# Answering Jeoperdy Questions to Win Money

## 1. Introduction

`Jeopardy` is a popular TV show in the US where participants answer questions to win money. 

**In this project we are going to work with a dataset of Jeopardy questions to figure out some patterns in the questions that could help win money.**

The dataset called `jeopardy.csv` contains *20000* rows.
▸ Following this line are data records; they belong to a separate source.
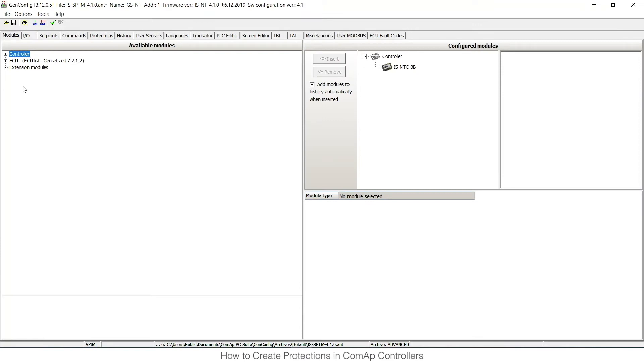Hello, my name is Tomas. I'm a member of the Technical Support Department here in Prague at COMAP headquarters. In this video, I would like to show you how to configure protections and especially custom analog protections within COMAP controllers.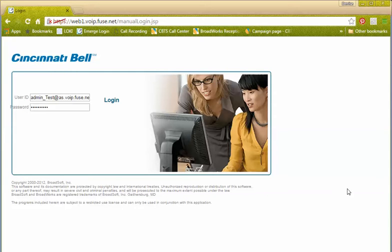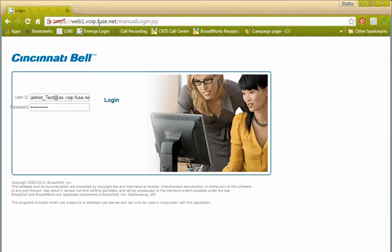One of the first things you're going to need to do is log into your Cincinnati Bell portal. The URL for that portal is web1.voip.fuse.net. From here you would use your system administrator user ID and password, then click login.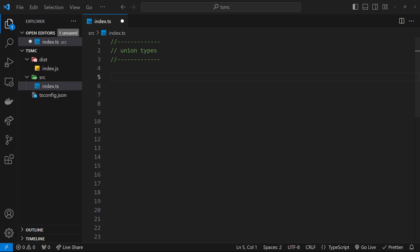All right then gang, so we've learned a few different TypeScript features now, which hopefully you can see the benefits from already.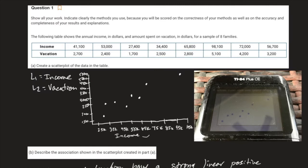We're going to look at the FRQs from MyAP. In question one we're looking at bivariate data — we have income and vacation. The amount of income that you make determines the amount of money that you would spend on a particular vacation.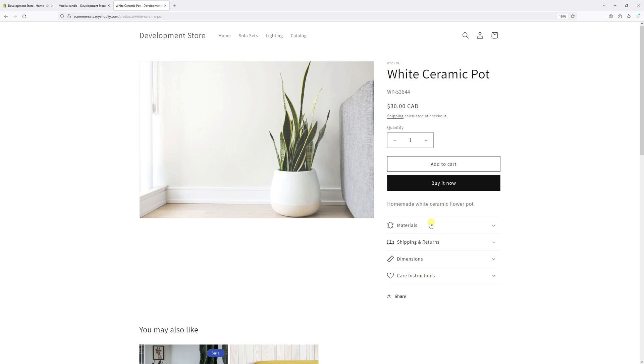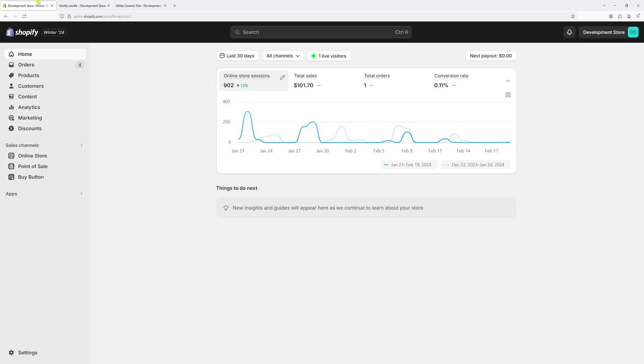So as an example, I'm currently using Dawn theme. Let me just go ahead and show you the settings that you should double check.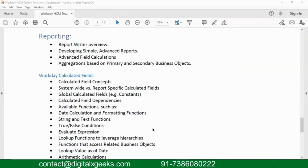For a medium-type Workday implementation, you will have around 200 to 250 reports created. If it is a big implementation — something like a GE or Amazon implementation — they have almost 400 plus reports, because these companies operate in multiple countries. For each country, HR people may have different requirements, so depending on that, you have to go and create reports.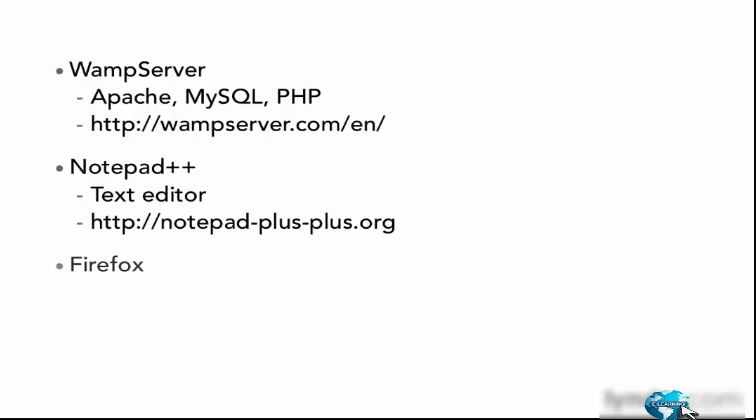And then for the web browser, we're going to be using Firefox. Now any browser will work. Of course, Windows comes with Internet Explorer, and you may want to just use that.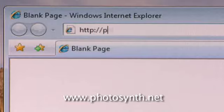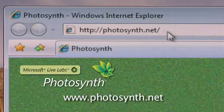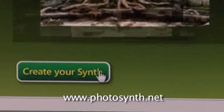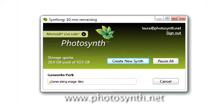Just go to the Photosynth website. It's fast, easy and free. Then you click here and a window will open asking you to create a synth. Then add your photos, hit the synth button and there you have it.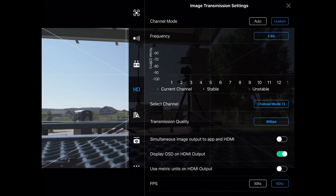Some of the next settings here have to do with HDMI output. I have the HDMI output module, so these settings would actually work. Simultaneous image output to app and HDMI — that'll send it to both screens at the same time. Otherwise, if you have HDMI on, it may turn off the screen. Display OSD — that's the on-screen display.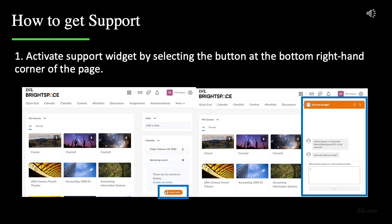This support widget is integrated within the Brightspace system. It will provide helpful resources such as live chat, phone, email, and articles, which are all available while remaining in the system, which means you don't have to log out while getting support.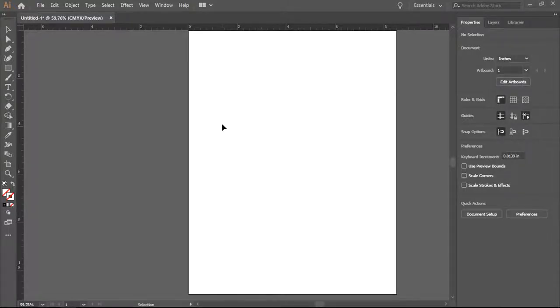Hi, and welcome to the tutorial for exercise two, making a shape from lines.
This dataset can be downloaded here __[GeopardyDataset](https://www.reddit.com/r/datasets/comments/1uyd0t/200000_jeopardy_questions_in_a_json_file/)__.

In [1]:
#import necessary modules

import numpy as np
import pandas as pd
import re
import random
from scipy.stats import chisquare

In [2]:
#reading the dataset
jeopardy = pd.read_csv('jeopardy.csv')
jeopardy.head()

Unnamed: 0,Show Number,Air Date,Round,Category,Value,Question,Answer
0,4680,2004-12-31,Jeopardy!,HISTORY,$200,"For the last 8 years of his life, Galileo was ...",Copernicus
1,4680,2004-12-31,Jeopardy!,ESPN's TOP 10 ALL-TIME ATHLETES,$200,No. 2: 1912 Olympian; football star at Carlisl...,Jim Thorpe
2,4680,2004-12-31,Jeopardy!,EVERYBODY TALKS ABOUT IT...,$200,The city of Yuma in this state has a record av...,Arizona
3,4680,2004-12-31,Jeopardy!,THE COMPANY LINE,$200,"In 1963, live on ""The Art Linkletter Show"", th...",McDonald's
4,4680,2004-12-31,Jeopardy!,EPITAPHS & TRIBUTES,$200,"Signer of the Dec. of Indep., framer of the Co...",John Adams


Jeopardy is a dataset with *7* columns. Let's take a look at just the column names.

In [3]:
jeopardy.columns

Index(['Show Number', ' Air Date', ' Round', ' Category', ' Value',
       ' Question', ' Answer'],
      dtype='object')

As we can see above, column names have spaces at the beginning. Let us fix it by getting rid of these sapces before moving forward.

In [4]:
jeopardy.columns = jeopardy.columns.str.strip()
jeopardy.columns

Index(['Show Number', 'Air Date', 'Round', 'Category', 'Value', 'Question',
       'Answer'],
      dtype='object')

We are ready to move forward with needful analysis.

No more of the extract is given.